Don’t Panic! June 26 2003

Your war questions answered

What are some conflicts around the world that we should be hearing more about?

Immediately after 9-11, many Americans swore that they’d finally start paying attention to world affairs. Books with titles like Militant Islam: What Happened While You Devoted All Of Your Mental Energy To Clinton’s Penis, O.J., Condit and the Sharks, started selling by the bucket load as we decided that understanding the world was crucial to our national security.

Two years and two wars later though, we’ve pretty much quit our soul searching and have gone right back to navel gazing. For example, how often do you hear about Hamid Karzai in the news compared to how much you hear about Scott Peterson? We’re once again ignoring an international issue that matters to us, in this case the fate of Afghanistan, to obsess over what’s essentially a National Enquirer story. Hello, Sept. 10!

The continent we seem to ignore the most is Africa. Below is a primer on some of Africa’s major crises — all of which we hear too little about, but that we might one day wish we paid more attention to. Sorry Scott, it’s nothing personal.

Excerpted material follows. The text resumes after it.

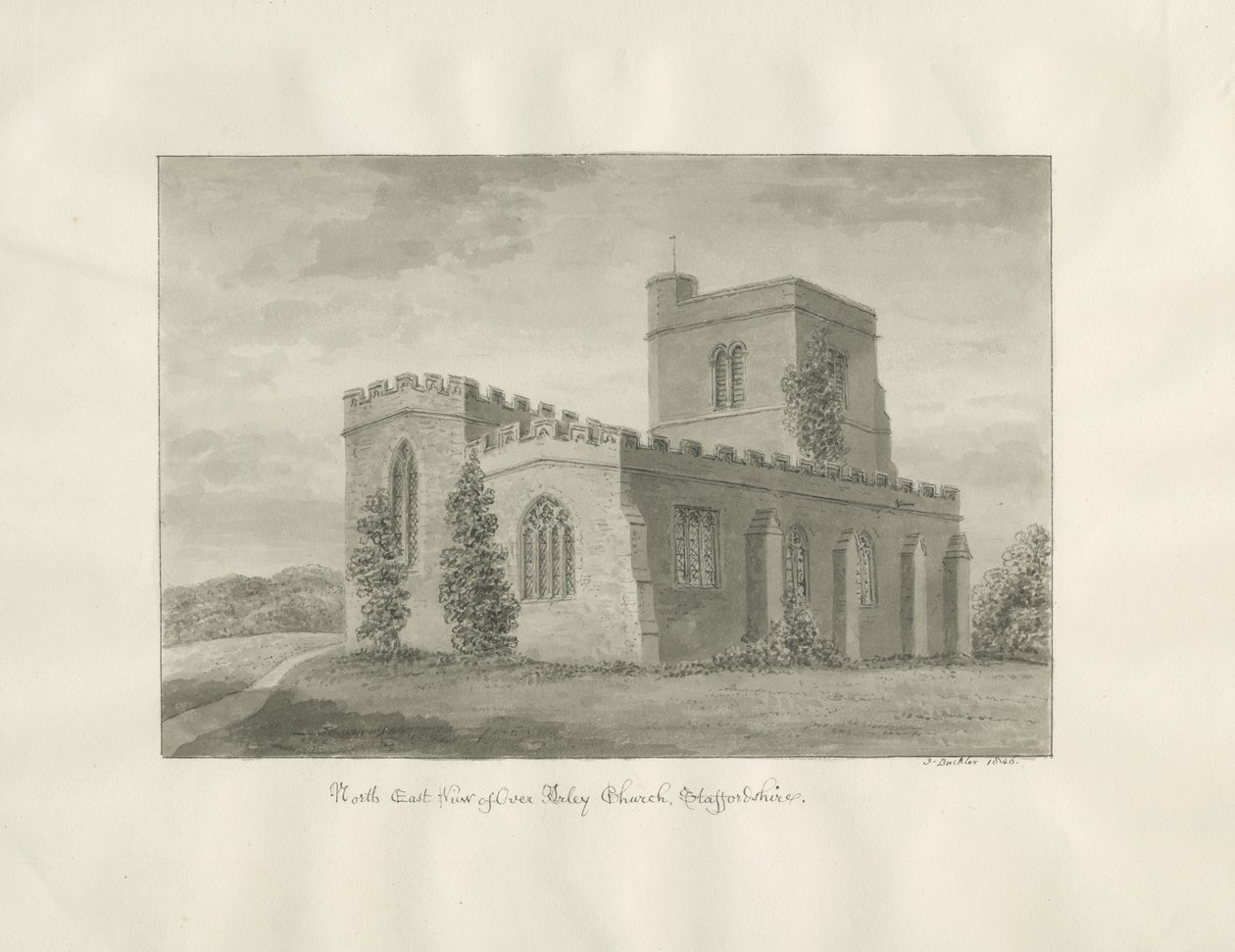 Arley Kerk: sepia tekening, 1846 door John Buckler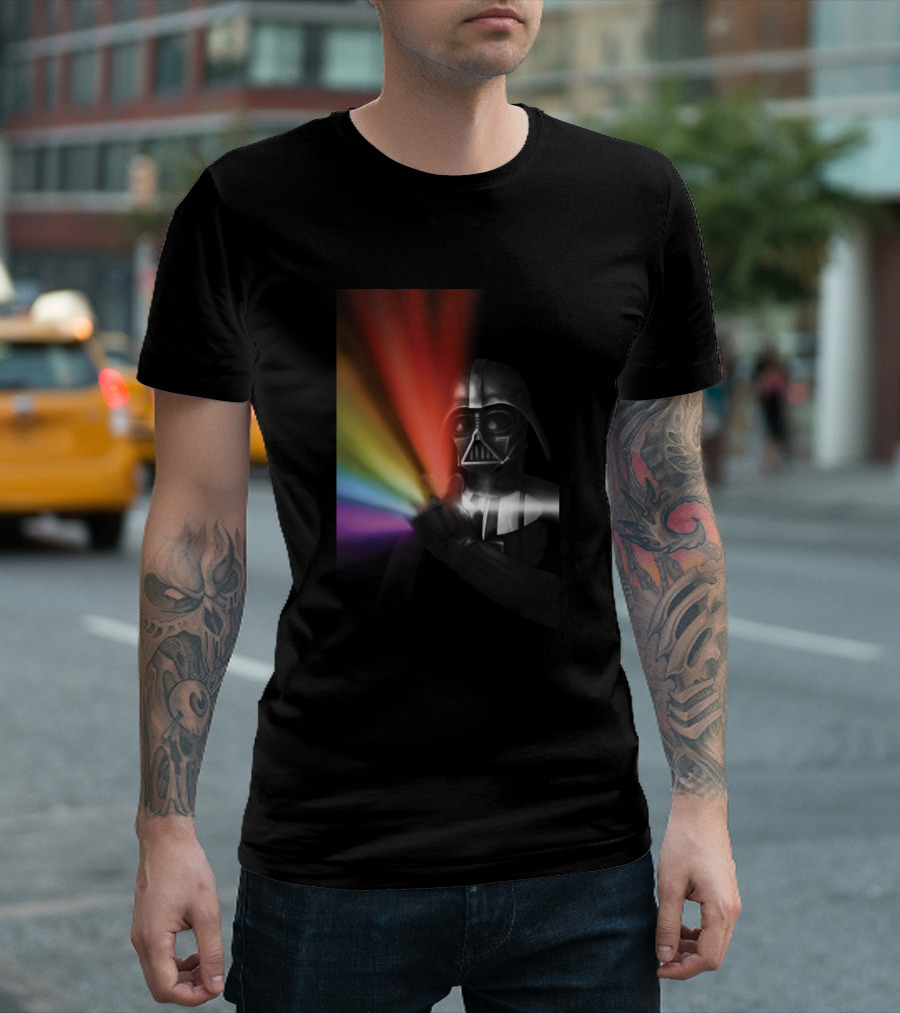 Pinkfloyd Dark Side of the Moon Meets Star Wars Vader Prism Spectrum T-Shirt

Our first stop is the West African nation Liberia (so named because it was founded by liberated U.S. slaves in 1821). Many prominent Liberians are begging us to send peacekeepers there to enforce a recently signed ceasefire agreement because it’s already showing signs of not holding. Making matters worse, President Charles “Sneaker” Taylor, who the agreement says must go, doesn’t look like he’s leaving. Taylor, a man who once dismissed critics of his savagery by declaring that “Jesus Christ was accused of being a murderer in his time,” was recently indicted as a war criminal by the U.N.

In East Africa, the U.N. estimates that 12.6 million Ethiopians are at risk of starving to death this summer unless there’s a big increase in international humanitarian aid. International relief workers are already there, but in the “squeaky wheel gets the grease” fight for limited aid resources, Ethiopia hasn’t been able to squeak nearly as loudly as Iraq or Afghanistan. Even if they are squeaking loud, it’s not as though our cameras or microphones are even pointed at them anyway. More money and manpower are needed if Ethiopia is going to avoid a famine that would dwarf the one from the mid-’80s (the one that inspired Band Aid, We Are The World, etc.).

If ever a country needed our attention and intervention (sorry about the rhyme, it was not my intention), it’s Congo. Genocide, tyranny, crushing poverty (despite Congo’s immense mineral wealth) and starvation — they’ve got it all. Frankly, I think we owe it to them to help. If not for the people of Congo (then called Zaire) rooting so hard for Muhammed Ali during his legendary 1974 “Rumble In The Jungle” fight against George Foreman, Ali might not have won. And if Ali didn’t win, we might not have the George Foreman grill. Think about it.

Perhaps Congo’s most pressing problem at the moment is the interethnic conflict between the Lendus and Hemas of Eastern Congo. Lendus are farmers. Hemas raise livestock. Anyone who has seen Oklahoma! knows that the farmers and the ranchers don’t get along. Without Rodgers and Hammerstein around to help them vent their anger through song, the feud has turned genocidal.

Congo’s government is useless in this, and most other matters. The surrounding countries have mostly just egged on Congo’s ethnic divisions for their own domestic political reasons and to steal Congo’s mineral wealth. Congo is six times the size of California, but there are only about 4,000 U.N. peacekeepers there. Experts fear a Rwanda-style genocide if someone from the outside doesn’t step in to help.